Au MAD, une scénographie bicolore permet au visiteur de distinguer clairement les créations de Martin Margiela pour sa propre marque de celles qu’il concevait pour le compte d’Hermès, maison dont il a été le directeur artistique pendant six ans.
Peinture blanche côté Margiela, pour rappeler la couleur fétiche de la griffe, orange côté Hermès, en référence à la couleur des boîtes de la marque.
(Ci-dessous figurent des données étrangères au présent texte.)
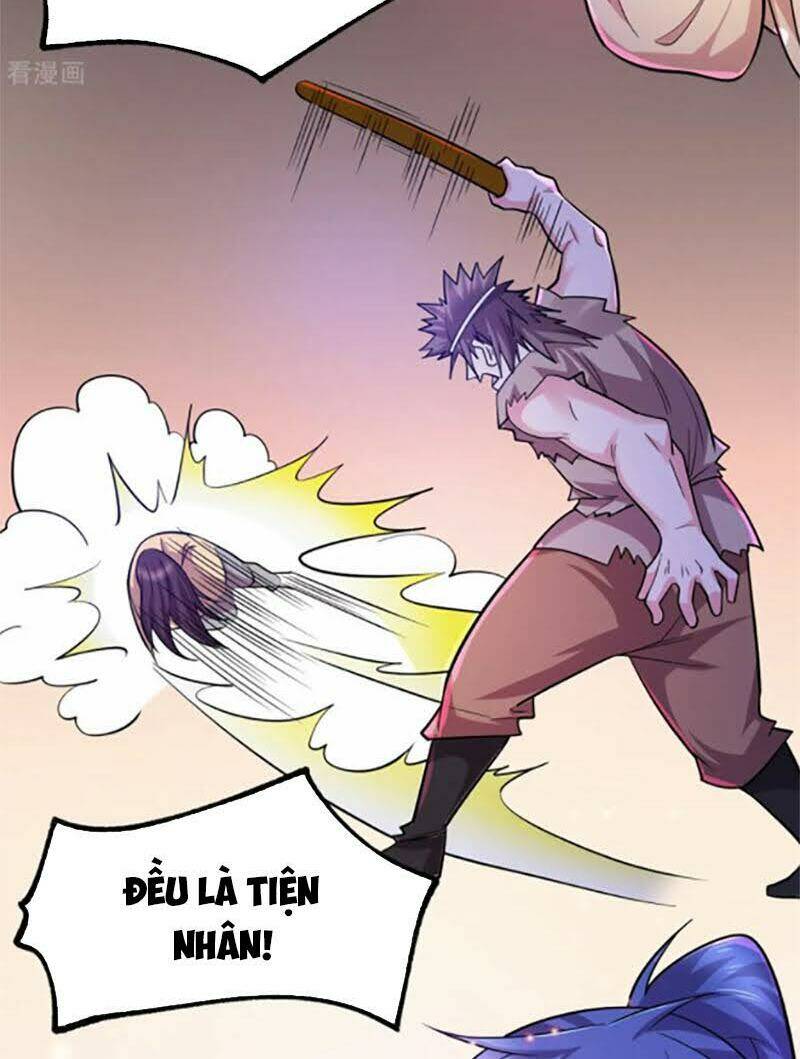 bổn tế tu chính là tiện đạo Chapter 47 - Trang 2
L’exposition, à laquelle a collaboré le créateur, est conçue comme un dialogue entre les deux univers, pour montrer comment “chaque marque s’est enrichie de manière réciproque”, explique à l’AFP la commissaire, Marie-Sophie Carron de la Carrière.
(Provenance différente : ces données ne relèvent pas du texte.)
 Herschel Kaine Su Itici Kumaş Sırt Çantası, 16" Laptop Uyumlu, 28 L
“C’était la vision de Jean-Louis Dumas, à l’époque le président d’Hermès, d’aller vers quelqu’un qui pouvait sembler à l’opposé, qui ne donnait pas l’image du luxe dans ses créations, qui était très brut”, rappelle-t-elle. “Grâce aux matières extraordinaires qu’Hermès mettait à sa disposition, la maille, le cachemire, le cuir, les peaux, Martin Margiela a pu continuer une certaine forme d’expérimentation qu’il mettait déjà en œuvre dans sa propre marque”.
Ainsi la vareuse, vêtement marin traditionnel dont Margiela s’inspire pour sa griffe, est adaptée pour Hermès: avec un col en V plongeant, elle devient une chemise blanche en popeline de coton, une tunique en laine ou en peau… Le classicisme du trench coat conçu par le créateur pour le sellier-maroquinier contraste avec le côté récup’ de celui de sa marque, réalisé à partir d’un modèle pour homme trouvé aux Puces, ceinturé par une paire de bas.
Le designer iconoclaste, connu pour sa démarche de “déconstruction” du vêtement, décline les classiques du vestiaire masculin pour la femme et développe chez Hermès un style épuré aux couleurs sobres, sans utiliser les imprimés des foulards de la griffe comme beaucoup s’y attendaient.
Au total, une centaine de silhouettes sont présentées, complémentaires de celles présentées au Palais Galliera, même si l’on retrouve quelques pièces communes comme les fameuses tabis, ces bottines fendues séparant le gros orteil des autres, inspirées des chaussettes japonaises, devenues emblématiques de Margiela.
“Margiela, les années Hermès”, Musée des Arts décoratifs, du 22 mars au 2 septembre.